07 May - 18 Jun 2011

Installation view
FERNANDO BRYCE
El Mundo en Llamas
7 May - 18 June, 2011

Alexander and Bonin is pleased to announce the exhibition of two new works by Fernando Bryce. This exhibition will mark the first solo presentation of Bryce’s work in the United States. On Saturday, May 7 at 4 pm there will be an artist talk with Gabriela Rangel, Director of Visual Arts, the Americas Society, New York at Alexander and Bonin.

Fernando Bryce’s drawings systematically re-examine the way historical events are represented and reconstructed in real time through the media. Bryce describes his work as ‘mimetic analysis,’ which involves culling archives, for advertisements, newspaper articles, propaganda pamphlets, comics, and other print materials relating to specific political developments. He then faithfully reproduces these original documents in ink on standard paper formats.
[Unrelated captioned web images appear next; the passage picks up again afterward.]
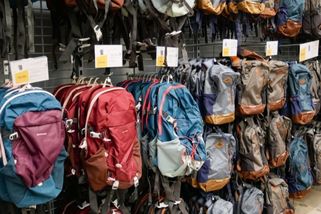 „Bylo to za hranou?“ Batoh jsme používali na dovolené každý den, pak jsme ho vrátili do obchodu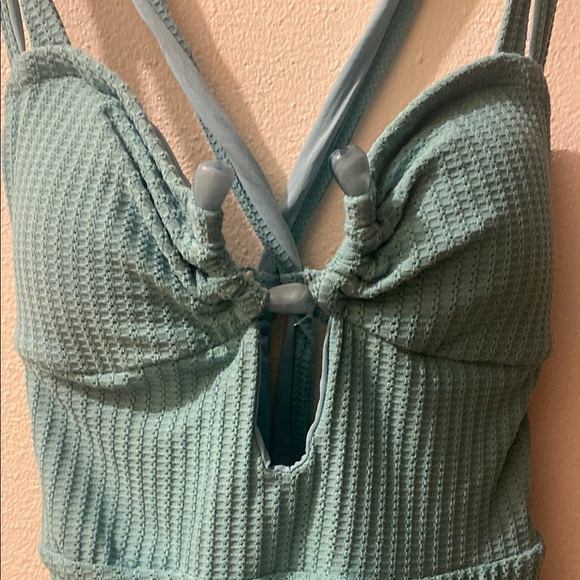 BECCA SWIM Textured Green One Piece Swimsuit - Picture 2 of 9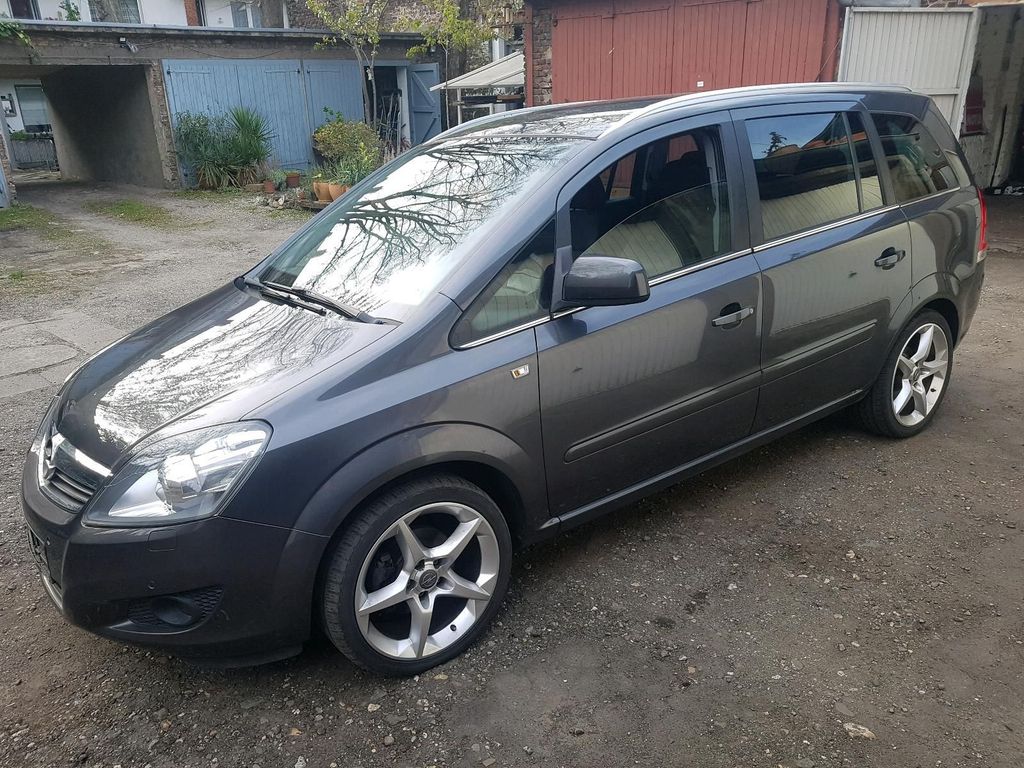 Opel Zafira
Bryce’s two most recent works, El Mundo en Llamas and Das Reich / Der Aufbau focus on representations of World War II in the popular press. El Mundo en Llamas (translates as The World in Flames) is an expansive set of 92 drawings in which headlines from major world newspapers are juxtaposed against advertisements for Hollywood films, as they were rebranded at the time for a Peruvian audience. As with many of Bryce’s projects, mainstream political coverage is weighed against the spectre of cultural imperialism; news of military maneuvers is followed by celluloid depictions of heroic pilots and femme fatales dubbed in Spanish.
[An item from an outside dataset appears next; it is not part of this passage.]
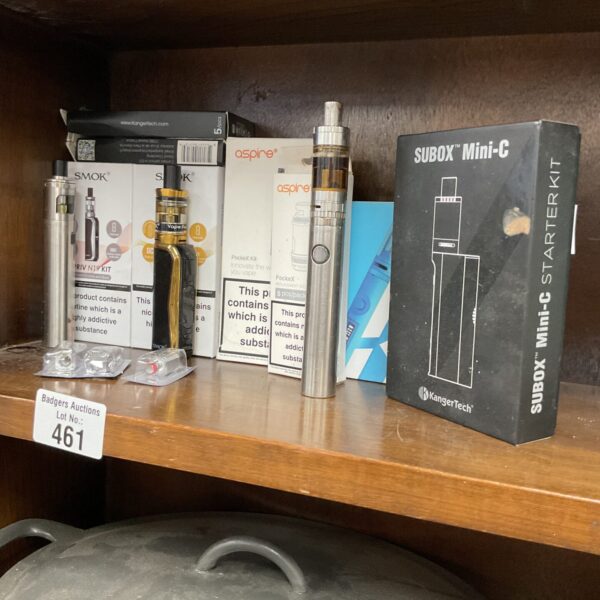 Mixed lot of vape devices and accessories from Smok and Aspire.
For Das Reich / Der Aufbau, Bryce has reproduced in full 14 covers of two periodicals – the German language Jewish journal, Aufbau, published then in New York, and Das Reich, a weekly newspaper founded by Joseph Goebbels – spanning the months from July to October 1944. This period, after the liberation in July of the Majdanek concentration camp by the Soviet Army and the liberation of Paris in August by the Allies, marks the beginning of the end of the war. By presenting the two publications together the viewer is able to compare the topics covered and how they might fit the ideology of the given publication. In hindsight Das Reich’s headlines (“The Utmost Effort,” “Full Display of Force,” etc.) read like fantasies of increasing power in the face of impending collapse. The differing style and formatting of these publications are also telling. Das Reich, for instance, sports a neo-classical, serifed masthead followed by one central headline. Aufbau’s masthead, by contrast, is modern, fat and angular and its multiple headlines are dispersed, and printed in different fonts. Design decisions such as these reiterate larger ideological constructs – Das Reich (and National Socialism) is teutonic and monolithic whereas Aufbau (and the Allied Front) is modern and cosmopolitan.

Fernando Bryce was born in Lima in 1965 and now divides his time between Lima and Berlin. Bryce moved to Berlin in the late 1980s where he began his work as an artist. In 2002, his work was included in Manifesta 4in Frankfurt-am-Main; in 2003, the 8th International Istanbul Biennal; in 2004, the 26th Biennial of São Pauloand the 54th Carnegie International, Pittsburgh; in 2006, T1 - The Pantagruel Syndrome, Castello di Rivoli, Turin. In 2011 his work will be the subject of a survey exhibition organized by the Museo de Arte de Lima (MALI).